Andreas Goldberger (born 29 November 1972 in Ried im Innkreis, Austria) is a former ski jumper.

He was one of the best in his sport during the 1990s. His favorite type of hill to jump from is known as the 'ski-flying' hill, where jumpers have travelled distances in the range of 240 metres.

In 1994 Planica Ski-Flying World Championships training series, he jumped 202m and became a first man ever to jump over 200 metres, but touched the snow and jump was not officially recognized as that and as a world record. In 2000 Planica World Cup team event he jumped 225 m and set the world record.

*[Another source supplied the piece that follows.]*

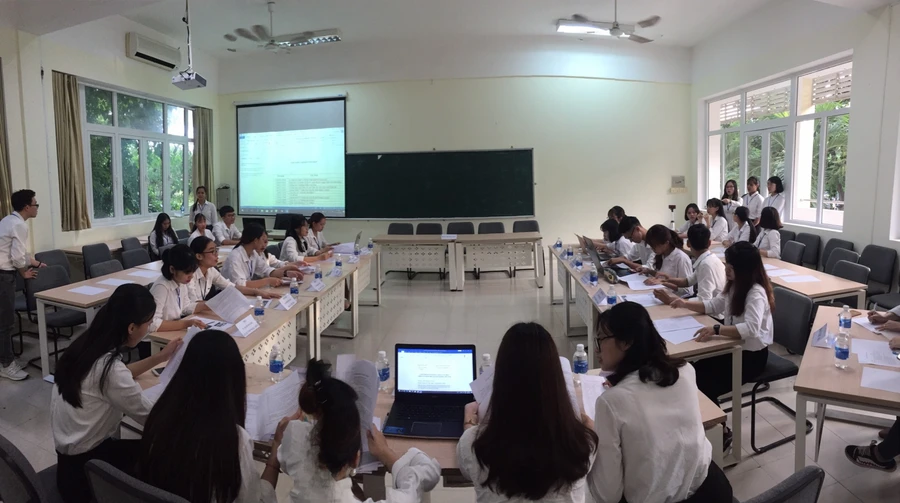 Các sinh viên thảo luận trong giờ học.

Competitive highlights[edit]

  • World Cup
    • Overall winner in 1992/93, 1994/95 and 1995/96
    • 20 individual wins
  • Four Hills Tournament
    • Twice overall winner, 1992/93 and 1994/95
  • FIS Nordic World Ski Championships
    • One gold (2001: team normal hill), two silver (1993: individual normal hill, 1995: individual large hill) and four bronze (1993: individual and team large hills, 1997: individual normal hill, 2001: team large hill) medals.
  • Holmenkollen ski festival
    • 1995 ski jumping winner.
  • FIS Ski Flying World Championships
    • Complete set of medals (Gold: 1996 individual, Silver: 1992 individual, Bronze: 2004 team)
    • Two World Cup victories in 1995 and 1996.

Controversy[edit]

In 1997 Goldberger admitted to the use of cocaine, and was given a six-month ban from the Austrian Ski Association. As a result of that ban, in November 1997, he even declared he would, from that moment on, compete under the flag of the Federal Republic of Yugoslavia.[1] Yet, after reaching an agreement with the Austrian Ski Association, he continued competing for his native Austria.

End of career[edit]

Goldberger last World Cup appearance as a ski jumper was in Lahti on 6 March 2005 (49 place). Goldberger officially retired and ended his career with his final jump as a V-jumper on 13 January 2006 at flying hill in Kulm, Austria.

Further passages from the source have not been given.